_To do_:
What is needed is an exact copy of the lines in the entries below from the one holding "Delta Deluxe - multilang" through the one holding "Sassocorno - Francesca", pictures excluded.

_Records supplied_:
--*--
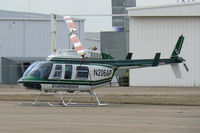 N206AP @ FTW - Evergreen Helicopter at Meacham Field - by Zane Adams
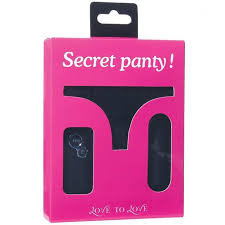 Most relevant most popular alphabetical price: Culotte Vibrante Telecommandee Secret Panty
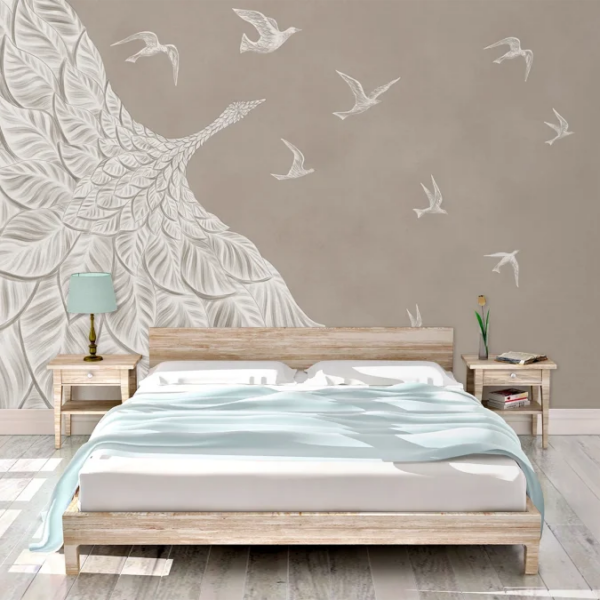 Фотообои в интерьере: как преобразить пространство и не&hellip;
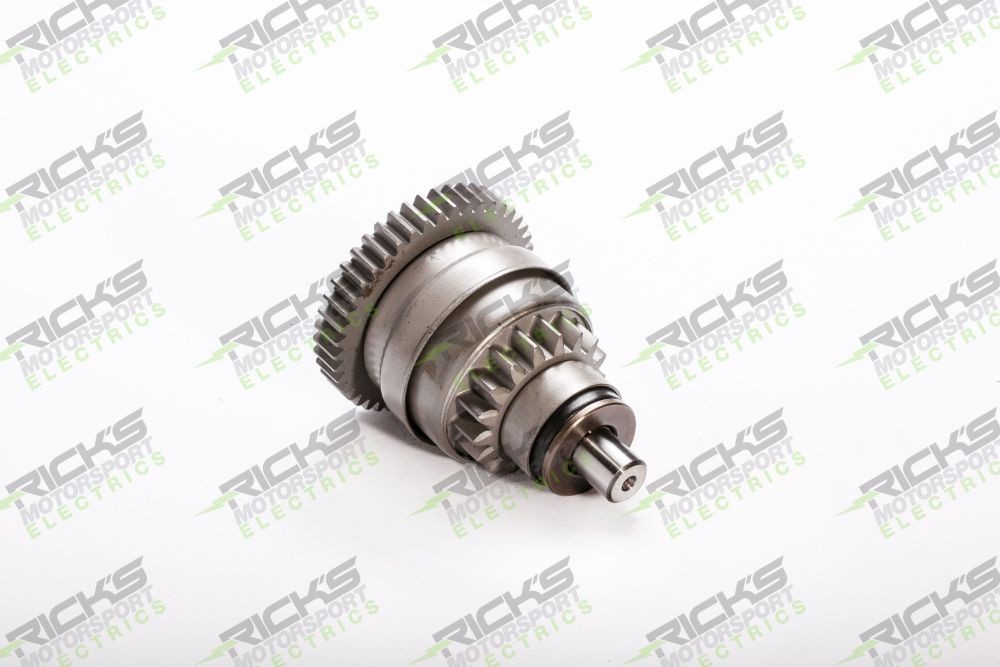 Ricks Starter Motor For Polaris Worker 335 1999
--*--
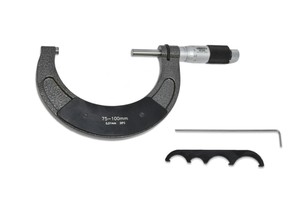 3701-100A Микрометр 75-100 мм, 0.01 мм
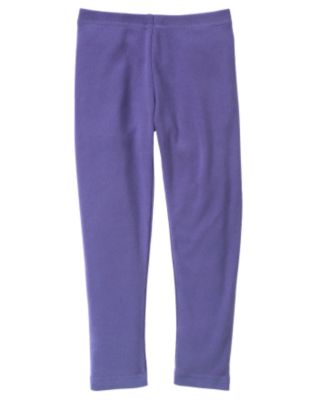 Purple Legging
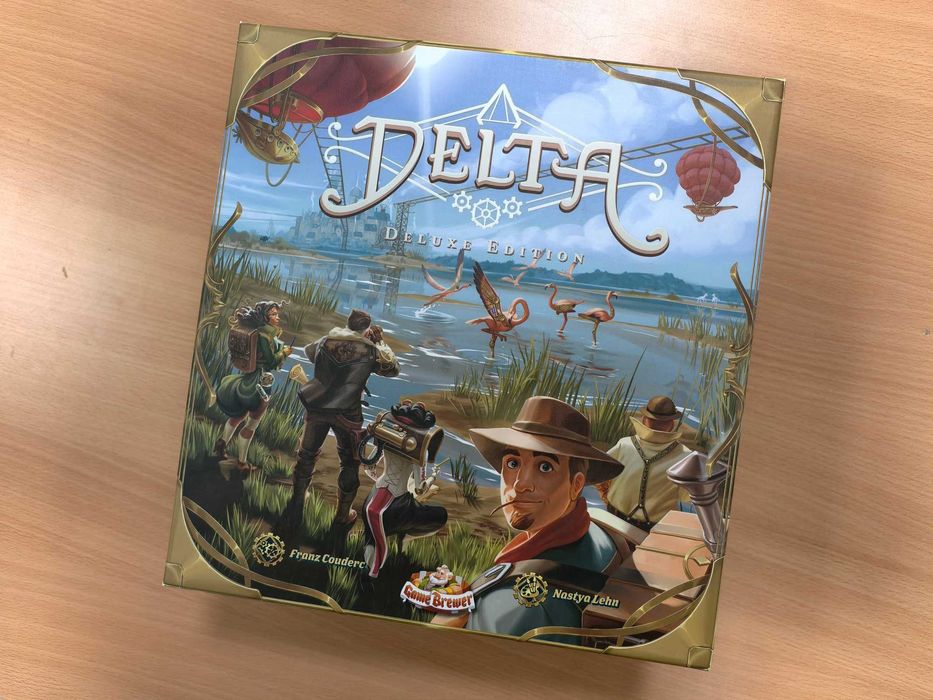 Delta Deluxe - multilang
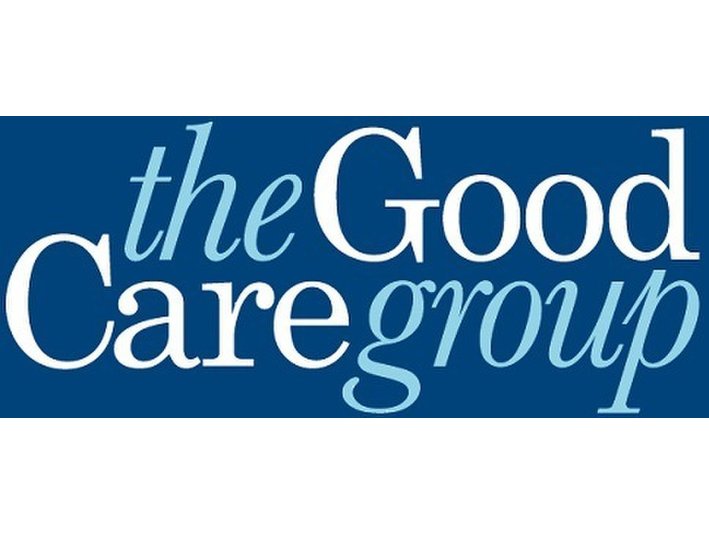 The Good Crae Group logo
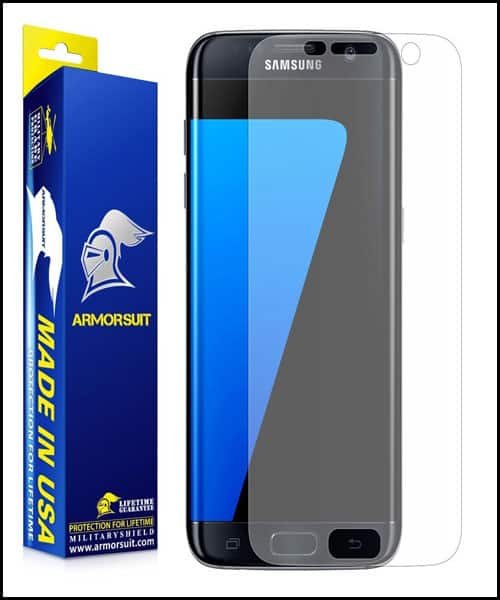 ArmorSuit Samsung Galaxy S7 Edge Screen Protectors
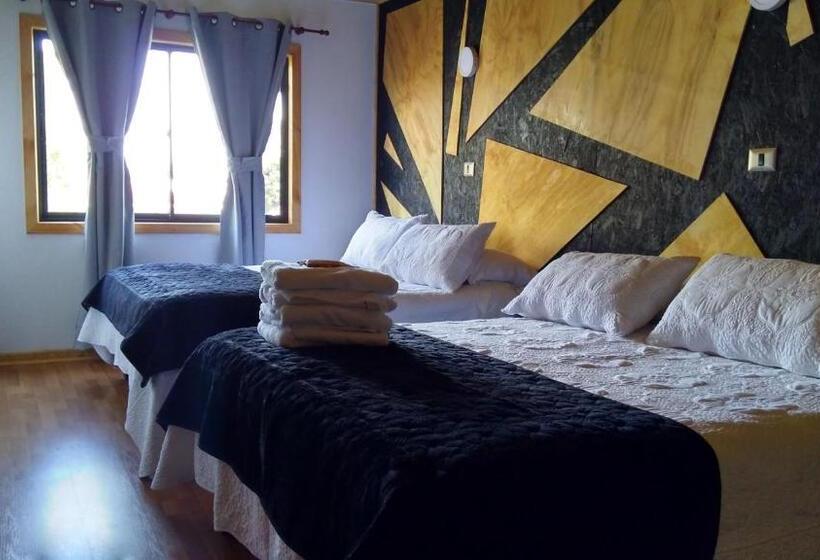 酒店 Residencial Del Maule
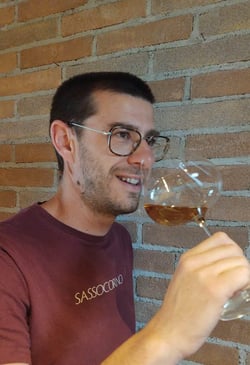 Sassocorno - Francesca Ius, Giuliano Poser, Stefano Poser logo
--*--
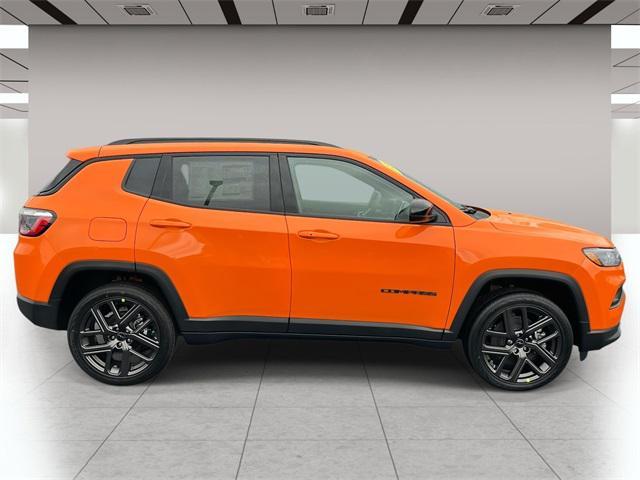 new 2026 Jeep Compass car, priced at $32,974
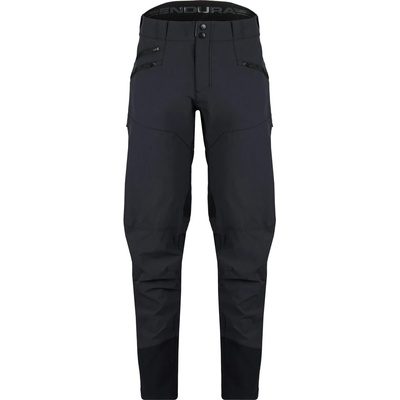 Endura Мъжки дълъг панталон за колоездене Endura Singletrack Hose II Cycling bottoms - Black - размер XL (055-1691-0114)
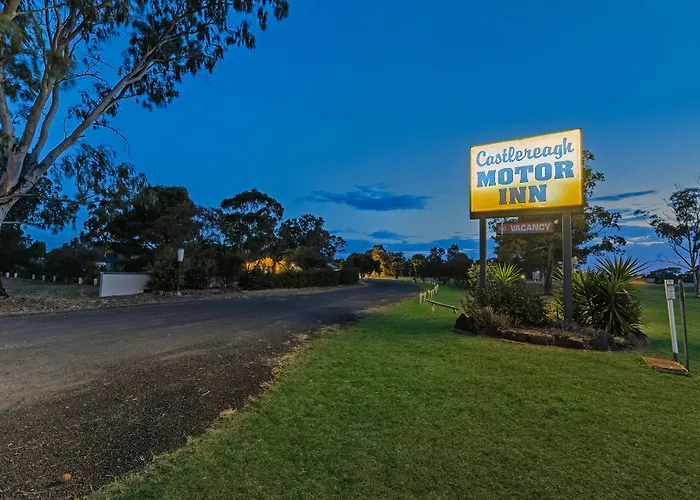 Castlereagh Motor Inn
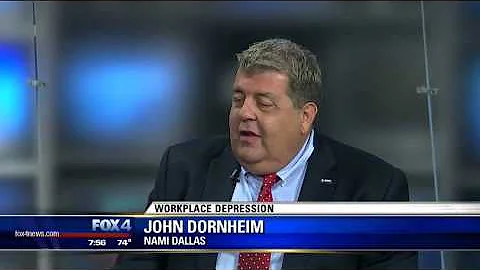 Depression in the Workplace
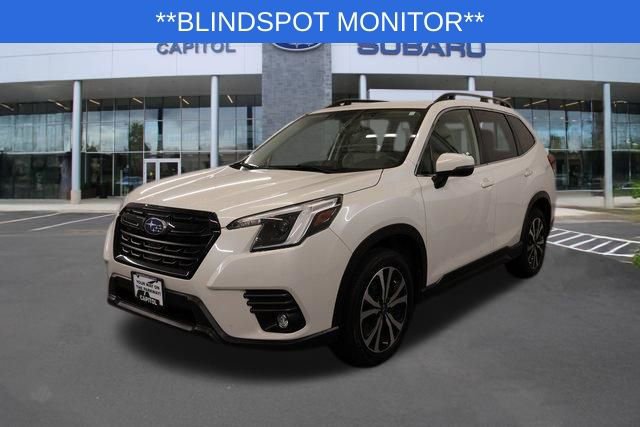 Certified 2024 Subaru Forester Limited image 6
--*--
_Response below_:
 Delta Deluxe - multilang
 The Good Crae Group logo
 ArmorSuit Samsung Galaxy S7 Edge Screen Protectors
 酒店 Residencial Del Maule
 Sassocorno - Francesca Ius, Giuliano Poser, Stefano Poser logo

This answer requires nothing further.